Linnik's problem in fiber bundles over quadratic homogeneous varieties

TL;DR

This paper extends Linnik's problem to fiber bundles over quadratic homogeneous varieties, analyzing the distribution of integral matrices and lattices on level sets, with implications for number theory and homogeneous dynamics.

Contribution

It generalizes Linnik's equidistribution results to new geometric settings involving quadratic varieties and fiber bundles, providing explicit distribution computations.

Findings

Computed the statistics of $SL_{d}(bZ)$ matrices on polynomial level sets.

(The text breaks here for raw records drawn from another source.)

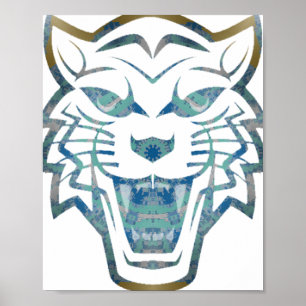Impression de tigres Abstraites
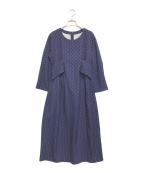 COMME des GARCONS COMME des GARCONSコムデギャルソン コムデギャルソン）の古着「総柄ワンピース」｜ネイビー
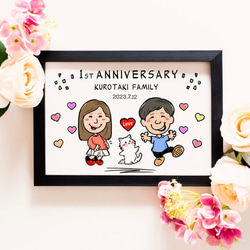 似顔絵 結婚記念日・２名 3枚目の画像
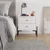 Hanah Home Noćni stočić, 44.9x52x35cm, Beli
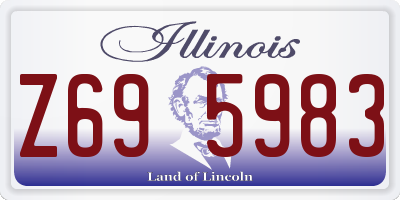 IL license plate Z695983
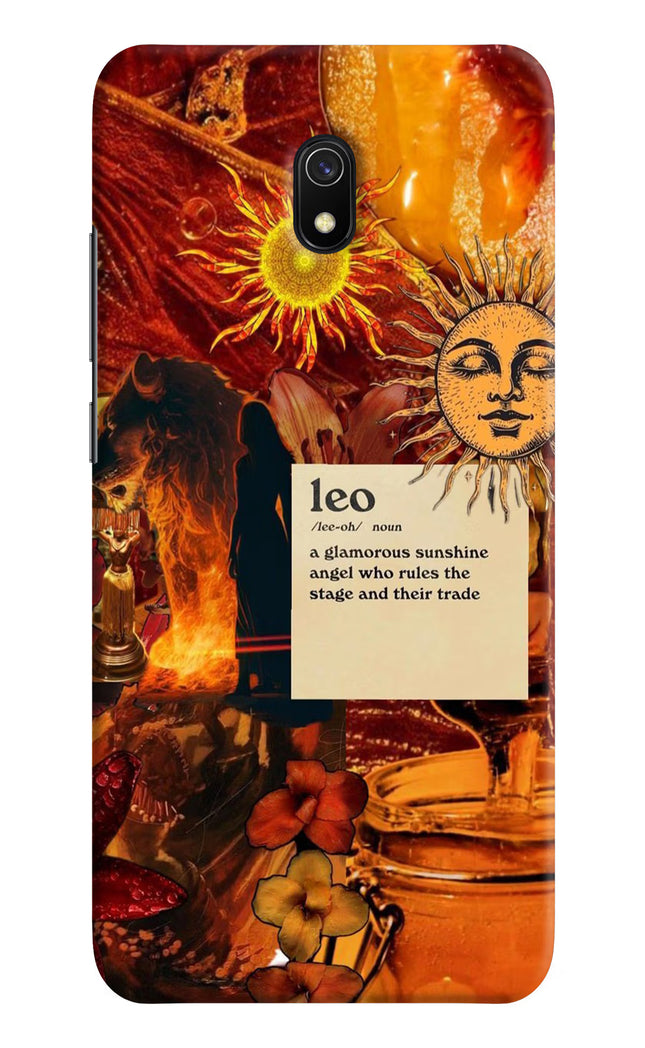 Leo Zodiac Redmi 8A Hard Case Back Cover by Casekaro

Generalized distribution results for primitive vectors and orthogonal lattices.

Extended Linnik's theorem to fiber bundles over quadratic homogeneous varieties.

Abstract

We compute the statistics of $SL_{d}(\mathbb{Z})$ matrices lying on level sets of an integral polynomial defined on $SL_{d}(\mathbb{R})$, a result that is a variant of the well known theorem proved by Linnik about the equidistribution of radially projected integral vectors from a large sphere into the unit sphere. Using the above result we generalize the work of Aka, Einsiedler and Shapira in various directions. For example, we compute the joint distribution of the residue classes modulo $q$ and the properly normalized orthogonal lattices of primitive integral vectors lying on the level set $-(x_{1}^{2}+x_{2}^{2}+x_{3}^{2})+x_{4}^{2}=N$ as $N\to\infty$, where the normalized orthogonal lattices sit in a submanifold of the moduli space of rank-$3$ discrete subgroups of $\mathbb{R}^{4}$.